● **RECORDED DATA**
+++
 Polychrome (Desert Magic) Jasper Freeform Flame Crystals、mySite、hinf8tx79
+++
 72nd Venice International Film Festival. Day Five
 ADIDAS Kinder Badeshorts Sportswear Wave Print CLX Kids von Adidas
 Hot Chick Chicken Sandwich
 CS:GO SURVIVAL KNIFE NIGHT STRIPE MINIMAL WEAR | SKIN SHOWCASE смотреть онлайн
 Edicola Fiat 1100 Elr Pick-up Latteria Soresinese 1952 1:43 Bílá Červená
+++
● **PROBLEM DETAILS**
Look above for the line holding "CS:GO SURVIVAL KNIFE". Print it and every line after it, exactly, through the line holding "Edicola Fiat 1100".

● **PROBLEM SOLUTION**
 CS:GO SURVIVAL KNIFE NIGHT STRIPE MINIMAL WEAR | SKIN SHOWCASE смотреть онлайн
 Edicola Fiat 1100 Elr Pick-up Latteria Soresinese 1952 1:43 Bílá Červená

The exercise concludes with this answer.